Article Index
A Survival Story
Douglas
Mawson was born in 1882 in Yorkshire, England. When he was just two years old, his family moved to Australia.
He was a smart boy and enjoyed nature. He went to college when he was
only sixteen. He became the youngest Australian to publish articles on radioactive
materials. He then got a job at Adelaide University. He lectured on the structure of rocks. When he was 26, he was asked to join an expedition headed by the famous British explorer, Sir Ernest Shackleton. The expedition was the first to climb Mt. Erebus and reach the magnetic South Pole by dragging their sleds over 1500 miles. In 1911, he organized the first Australian exploration of Antarctica. While he was there, he had to battle winds up to
300 kilometers per hour, but he gained a lot of valuable information from the expedition.
The
next spring, Mawson started another expedition with a Swiss scientist and skiing champion named Xavier Mertz, and a British
soldier, Lieutenant Belgrave Ninnis. They set out to explore glaciers, map the
coast, and collect rock samples. Together, they traveled more than 1000 kilometers,
with dogs pulling their sleds. By late January 1913, Ninnis had plunged down
a crevice and Mertz had died of exhaustion. Mawson had already eaten the dogs,
and had almost no food left. He was completely alone. He was so unhealthy that, every morning, he had to reattach the soles of his feet. He still had over one hundred miles to help. Many times, he
had narrowly missed walking blindly into crevices hidden in the snow. Suddenly,
he felt himself falling. The rope to his sled pulled his harness into his stomach. He was hanging over a dark, bottomless hole.

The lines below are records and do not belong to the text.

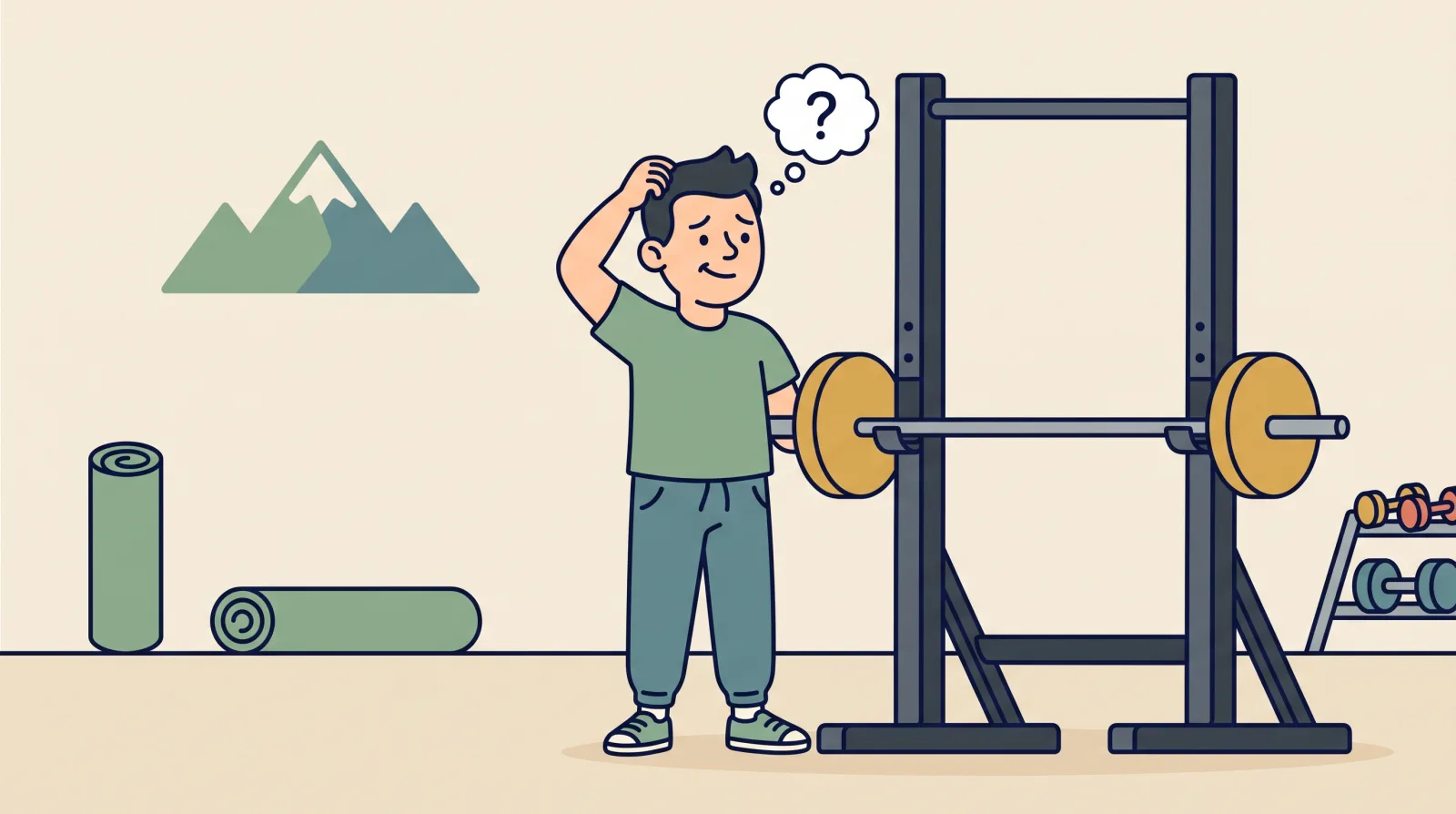 Beginner using a gym machine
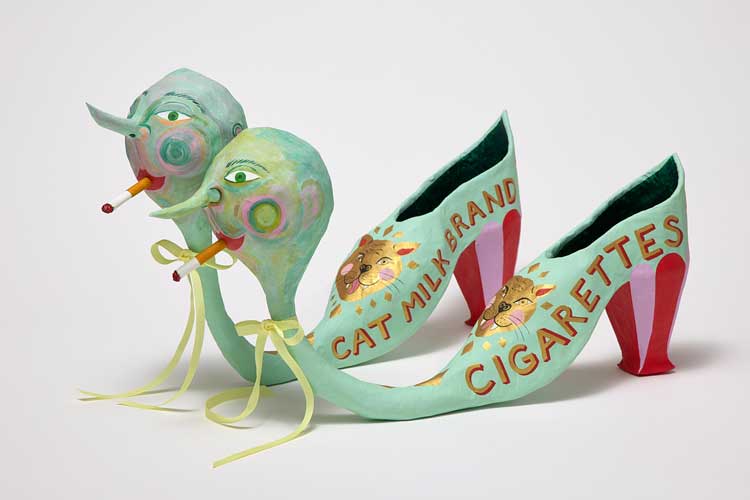 Isabel Rock, Cat milk shoes, 2024. Paper mache. © Isabel Rock. Photo: Paul Plews.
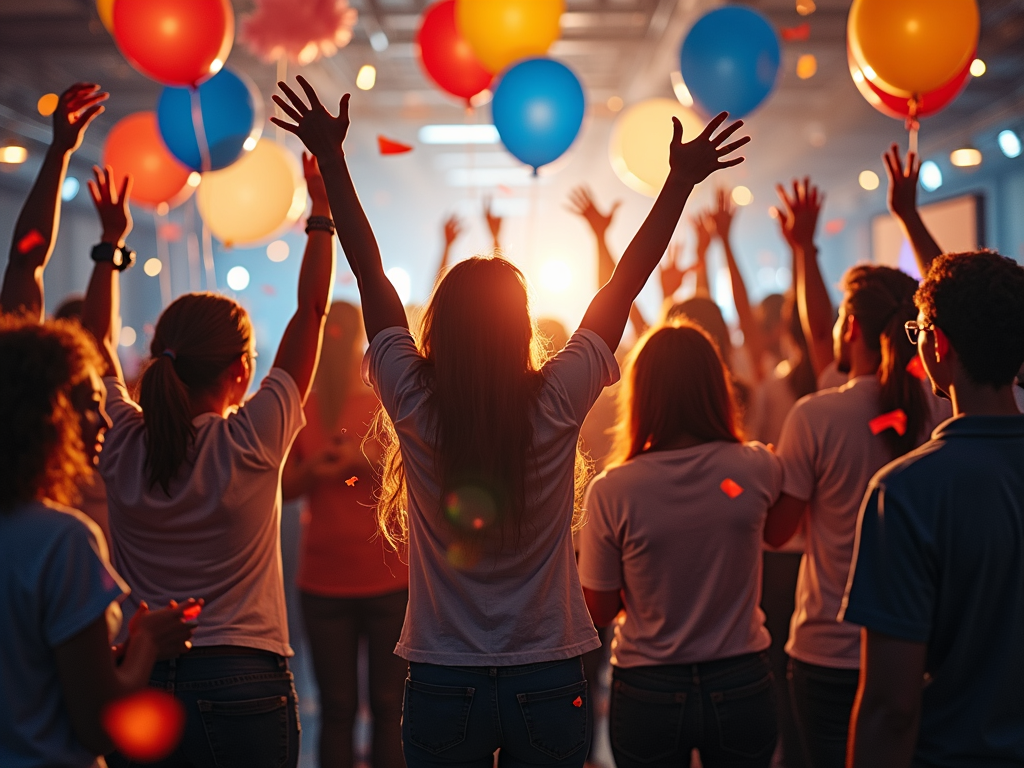 Volunteers celebrating a campaign victory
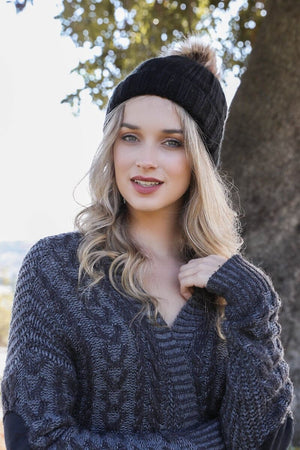 Basic Ribbed Pom Beanie Hats & Hair Leto Collection Black 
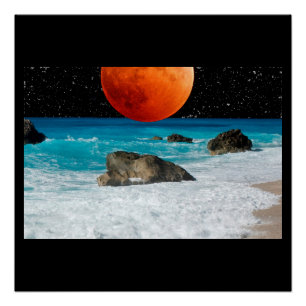 Ocean Sea Beach Rock Sand Moon Stars Personalize Poster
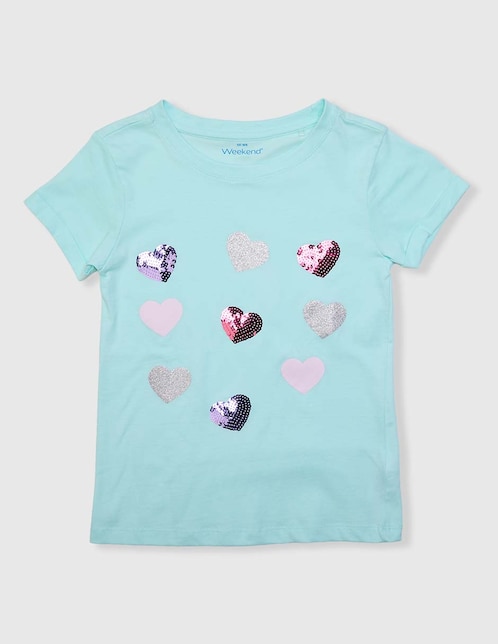 Playera Weekend manga corta para niña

He could feel the sled moving closer to the crevice. It was the only thing
keeping him from falling to his death. Suddenly, the sled stopped moving closer. He could not gain a foothold on the side of the crevice, and he would have to pull
himself up the fourteen foot rope. He was in horrible shape from almost starving
to death for a long time. He slowly climbed to the top, but he slipped back down
to the bottom of the rope again. Somehow, he managed to climb all of the way
back up the fourteen foot rope and pull himself out of the hole. Somehow, he
managed to walk the last hundred miles to help and safety. It took him thirty
days with no food.
Later, he would lead two more expeditions in his forties, which he carefully planned and were very successful. It is because of his work that Australia owns almost half of Antarctica.
Douglas Mawson died in 1958 in Adelaide, South Australia. I think that Douglas Mawson
was a strong and brave individual who was able to pull through even when it seemed impossible to.